Com a Selic mantida em 10,5%, a taxa de juros real (que desconsidera os efeitos da inflação esperada para os próximos 12 meses, que é de 3,6%) fica em 6,64%, ou seja, 2,14 pontos percentuais acima da taxa de juros real neutra — aquela que não estimula nem desestimula a atividade econômica, estimada pelo Banco Central em 4,5% ao ano. Importante salientar que a taxa de juros real do Brasil é a segunda maior do mundo, atrás apenas da taxa da Rússia.

Vale também observar que, mesmo se o Copom tivesse reduzido a Selic em 0,25 ponto percentual, o que seria o mais adequado, a taxa de juros real estaria em 6,4% ao ano, ou seja, 1,9 ponto acima da taxa de juros real neutra, ainda denotando política monetária fortemente contracionista.

O que acontece com o PIB? Os prejuízos dessa política monetária são claros ao analisarmos o comportamento da atividade econômica. As previsões apontam que o crescimento do PIB deve ser menos intenso este ano do que foi no ano passado: em 2023, o crescimento observado foi de 2,9%, enquanto para 2024 a previsão, segundo o Relatório Focus, é de 2,08%.

Além disso, o Fundo Monetário Internacional (FMI) projeta que o Brasil deve crescer menos do que os demais países em desenvolvimento.
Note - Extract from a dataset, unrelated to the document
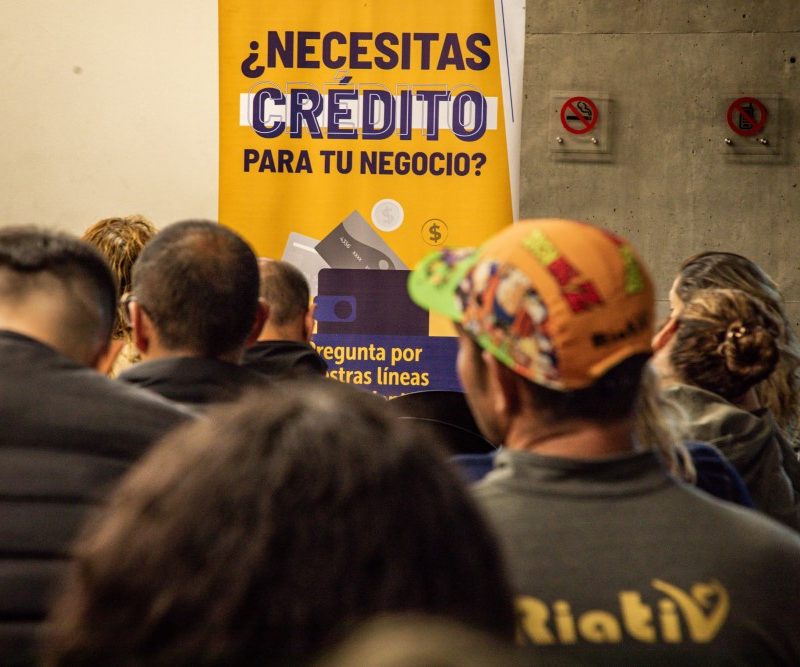 Se observa un grupo de persoans sentadas de espalda y al fondo un carytel que dice "¿Necesitas crédito para tu negocio?"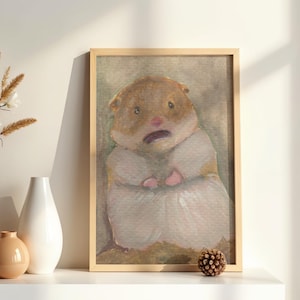 May include: A framed watercolour painting of a hamster with brown fur on its head and white fur on its body. The hamster has a small pink nose, dark eyes, and a slightly open mouth. The artwork is enclosed in a light-coloured wooden frame.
Para o FMI, enquanto o PIB brasileiro deve crescer 2,2% em 2024, nos países em desenvolvimento o crescimento do PIB deve ser de 4,2%, em média.

Quanto ao comportamento da inflação, deve-se frisar que a aceleração em maio, assim como a elevação das expectativas para 2024 nas últimas semanas, ainda são movimentos muito recentes e, por isso, não configuram mudança estrutural na dinâmica dos preços. Logo, não justificam a equivocada interrupção na trajetória de queda na Selic.

Desde outubro de 2023, o Índice Nacional de Preços ao Consumidor Amplo (IPCA) vinha desacelerando mês após mês. O IPCA acumulado em 12 meses até abril de 2024 foi de 3,7%, bem abaixo do índice acumulado em 12 meses até dezembro de 2023, de 4,6%. Somente em maio último é que o índice acumulado em 12 meses acelerou para 3,9%.

Convém registrar que o grupo alimentação foi responsável por quase 1/3 da variação observada em maio, reforçando o fato de o movimento recente da inflação contar com aspectos específicos que não caracterizam um quadro claro e definitivo de aceleração.

De maneira semelhante, destaca-se que as expectativas de inflação para o fim de 2024 estavam em queda e chegaram a 3,7% em abril. Agora, voltaram a crescer e atingiram 3,96% na publicação do último Relatório Focus. A expectativa é de que o IPCA de 2024 termine em nível menor que o observado em 2023 e dentro do teto da meta para este ano, de 4,5%.

Importante lembrar que esses movimentos recentes podem ser revertidos pela taxa de juros real no campo contracionista – mesmo se a Selic tivesse sido cortada em 0,25 —, pelo início do processo de redução da taxa de juros nos Estados Unidos, esperado para o segundo semestre, e pela evolução das discussões sobre controle de despesas públicas.